The supermarket groups have been pruning supplier lists, choosing only those agile enough to deliver lower volumes on a just-in-time basis. Those that survive are in a better position to withstand supermarket pressure on supplier margins.

The benefit is evident in MY's results, which show a doubling of pre- tax profits to pounds 9.1m, on sales up 50 per cent to pounds 77m. This compares with a pounds 5m loss five years ago. The share price, which was languishing at 20p in 1991, has risen to 69p, up a further 4p yesterday. This is comfortably above January's 53p rights issue price.

MY's biggest problem this year has been the persistent rise in raw material prices that has dogged the sector. However, in spite of fearsome increases in both paperboard and plastic prices, MY has been able to pass most of these increases on.

Looking forward, MY should continue to benefit from the rationalisation of the packaging industry and this year should see an earnings contribution from the Propharmapak business acquired late last November. More deals are expected. House broker Albert E Sharp is forecasting profits of pounds 11m this year, which puts the shares on a forward rating of 12. They could have further to go.

Troubles mount at YJ Lovell

It is quite an achievement to turn a share worth the equivalent of pounds 31 in 1987 into one trading at just 14p yesterday but that is what a succession of management teams at construction, property and, until recently, housebuilding group YJ Lovell has managed.

Confirmation over the weekend that Robert Sellier, the latest chief executive, has decided to throw in the towel a year early opens the door for David Heppell from Lovell's American outpost to try his luck. Existing shareholders will have long since given up on the investment - the question is whether, at currently depressed levels, the shares are worth buying.
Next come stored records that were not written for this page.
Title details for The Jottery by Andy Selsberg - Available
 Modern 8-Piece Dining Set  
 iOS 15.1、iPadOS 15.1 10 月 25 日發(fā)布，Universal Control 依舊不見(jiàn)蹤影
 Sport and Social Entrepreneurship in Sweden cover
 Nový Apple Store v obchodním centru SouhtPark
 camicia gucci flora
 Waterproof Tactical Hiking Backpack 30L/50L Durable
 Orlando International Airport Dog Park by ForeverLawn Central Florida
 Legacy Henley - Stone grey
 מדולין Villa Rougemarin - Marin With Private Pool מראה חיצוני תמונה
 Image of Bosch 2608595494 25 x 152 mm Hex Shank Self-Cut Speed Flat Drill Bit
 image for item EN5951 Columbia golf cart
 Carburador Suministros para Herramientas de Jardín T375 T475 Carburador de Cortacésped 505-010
Catching the bottom of similar falls at distressed groups such as Next and Bluebird Toys has made fortunes for investors in recent years. It is far from apparent, however, that what remains at Lovell is a bargain even at this price but having sunk so low they do have attractions as a penny share punt - the 1p rise yesterday represented an 8 per cent increase.

Lovell's is a sad tale of over-confidence in good times (bidding for Higgs & Hill), over-optimism (failing to pay a dividend after promising one with a rights issue) and a massive swing from profit to loss. In 1989, pre-tax profits were pounds 33.4m, more than six times its latest market value, but between 1991 and 1993 it lost pounds 150m.

The company now risks falling into a black hole where investors lose track of what is going on and the shares are driven by unreliable whispers. One forecast yesterday predicted profits of pounds 1.3m for the year to September, putting the shares on a forward p/e ratio of about 10. Highly speculative.